L’Otto per Mille non è un costo aggiuntivo per il contribuente, ma una scelta su come redistribuire tasse già versate. Lo spiega chiaramente Massimo Monzio Compagnoni. Il responsabile del Servizio di Promozione del Sostegno Economico alla Chiesa Cattolica è intervenuto a Senigallia. L’occasione è stata un incontro di formazione con i sacerdoti della diocesi proprio sul tema dell’8×1000. Abbiamo avuto la possibilità di fargli un’intervista, andata in onda nei giorni scorsi su Radio Duomo Senigallia (95.2 fm). Ecco nel lettore multimediale qui sotto l’AUDIO a vostra disposizione.
Lo 0,8% del gettito IRPEF complessivo viene destinato alle Chiese – cattoliche, valdesi, buddhiste e altre – oppure allo Stato, in proporzione alle firme dei contribuenti. Chi non firma non trattiene nulla: si limita a lasciare che siano gli altri a decidere per lui.
Una parte consistente di queste risorse viene impiegata nella cura del patrimonio ecclesiastico: chiese, oratori e locali pastorali. Si tratta di beni che, pur appartenendo alla Chiesa, svolgono una funzione pubblica e sono aperti all’intera comunità. Un esempio concreto è la cattedrale di Senigallia, chiusa dal novembre 2022 a seguito del terremoto che ha colpito la costa adriatica. E’ ancora in attesa di interventi significativi per poter essere restituita ai fedeli e ai cittadini.
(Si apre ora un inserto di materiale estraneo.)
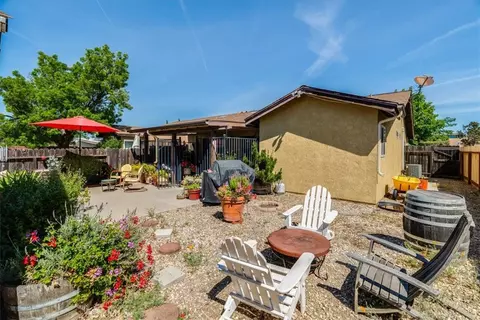 Exterior - 1032 Scott, Paso Robles, CA 93446 photo 4 of 12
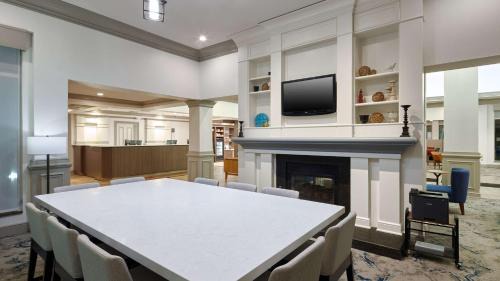 Green Acres Hotel | Hilton Garden Inn Merrillville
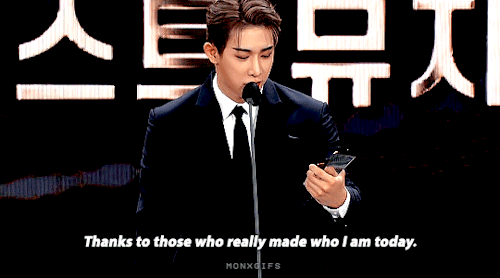 monxgifs:congratulations to wonho for winning his first award as a soloist at the asia artist awards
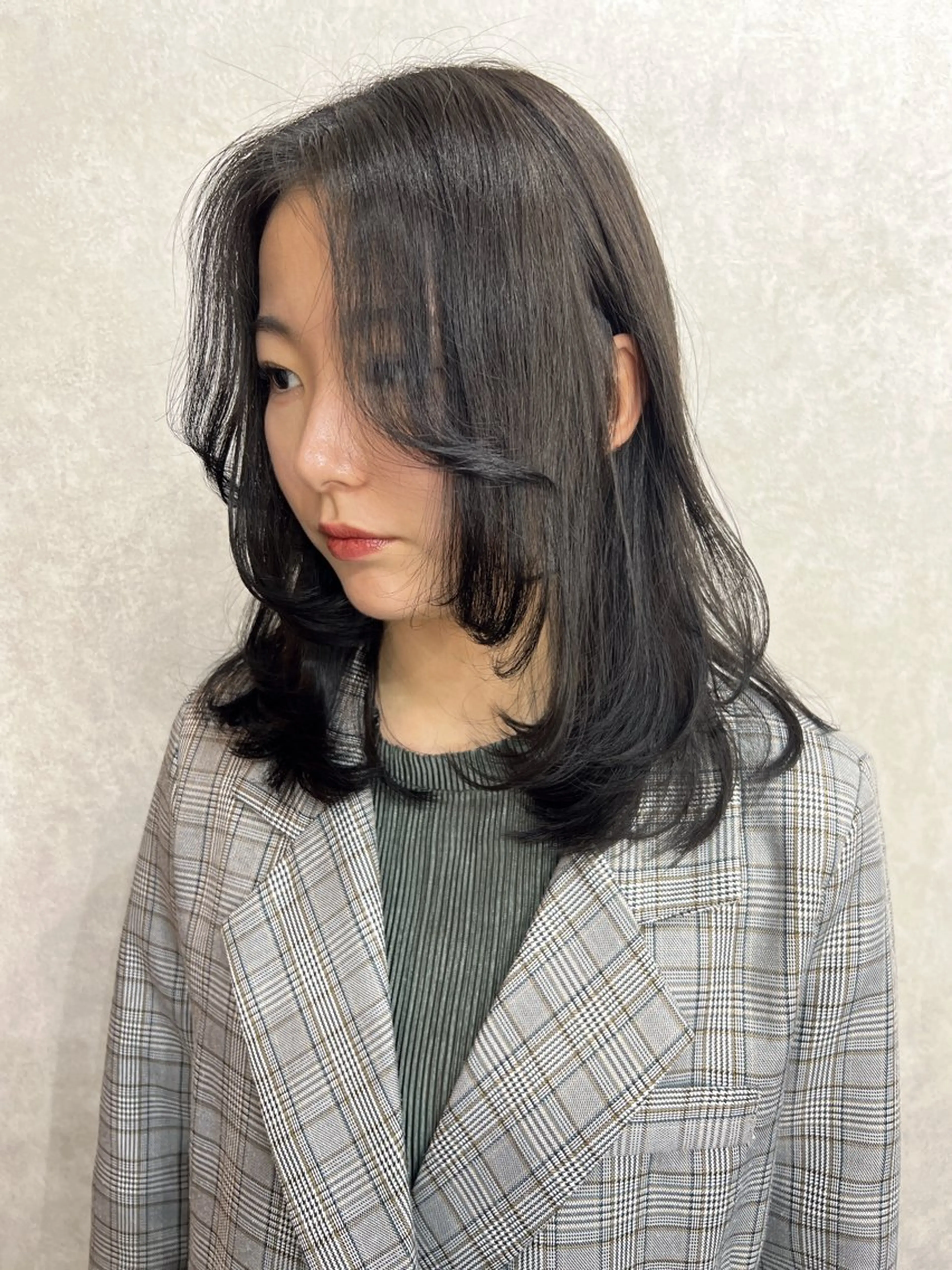 ミディアム カット ヘアカラー maya レイヤーカットのヘアスタイル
I fondi dell’8×1000 finanziano anche il sostentamento del clero, e su questo punto Monzio Compagnoni fa chiarezza. I sacerdoti non ricevono alcuno stipendio dal Vaticano. Un sacerdote appena ordinato percepisce 800 euro mensili per dodici mensilità. Un vescovo al termine del suo mandato, a 75 anni, arriva a 1.600 euro. Il 70% del costo complessivo del clero italiano – che conta circa 31 mila sacerdoti distribuiti in 25 mila parrocchie e 227 diocesi – è coperto proprio dall’Otto per Mille.
Il terzo grande ambito di utilizzo dell’8×1000 è quello caritativo. Nel 2024 la Chiesa Cattolica ha destinato 280 milioni di euro in opere di carità. 150 milioni alle diocesi, 50 milioni a iniziative nazionali e 80 milioni a progetti nei paesi più poveri. La sola Caritas ha erogato quasi 4 milioni di interventi. E’ riuscita a raggiungere circa un milione di persone, attraverso mense, dormitori ed empori alimentari. Un sostegno che si affianca al welfare statale in un Paese in cui il 10% della popolazione vive sotto la soglia di povertà.
Monzio Compagnoni dedica anche spazio a sfatare i luoghi comuni più diffusi. La Chiesa non è finanziata dal Vaticano, che non contribuisce alle spese del clero italiano. Non è esentata dalle tasse in modo generalizzato. Non le paga solo sui beni destinati all’uso pubblico, esattamente come avviene per partiti, sindacati e fondazioni. E non è ricca come si crede: l’intero patrimonio immobiliare copre appena il 5% del costo dei sacerdoti. Il dato forse più sorprendente, però, è un altro. Dopo 40 anni dall’introduzione dell’8×1000, 7 cattolici italiani su 10 ignorano come viene sostenuta la propria Chiesa.